RECORDS SUPPLIED
BEGIN

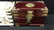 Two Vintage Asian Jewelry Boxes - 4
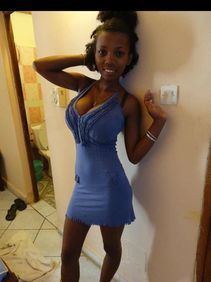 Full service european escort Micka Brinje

END
BEGIN

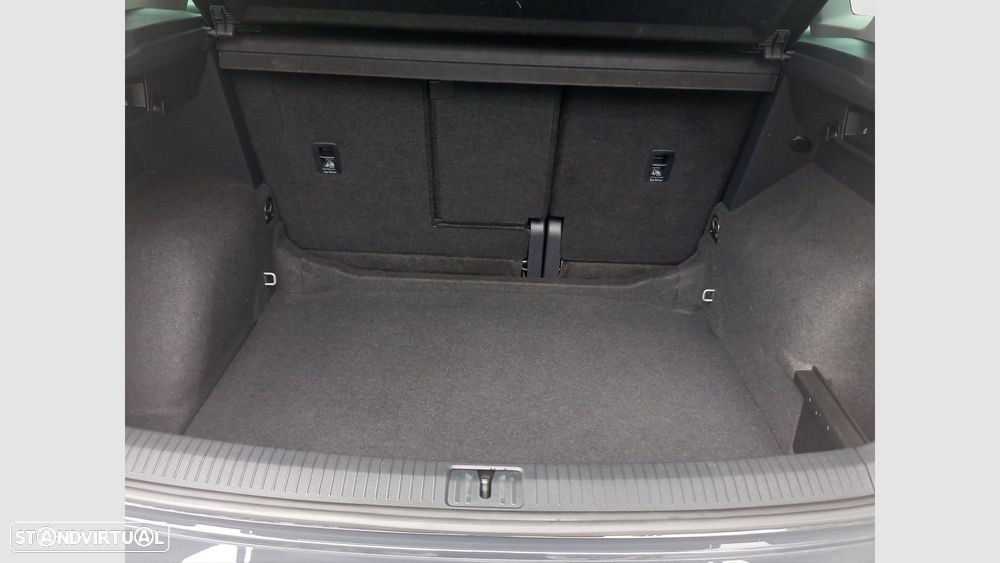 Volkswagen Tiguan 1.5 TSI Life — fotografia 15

END

In the listing above, find the line with "Two Vintage Asian Jewelry Boxes - 4" and the line with "Full service european escort Micka Brinje". Output both, plus every line between them, and no pictures.

THE ANSWER
 Two Vintage Asian Jewelry Boxes - 4
 Full service european escort Micka Brinje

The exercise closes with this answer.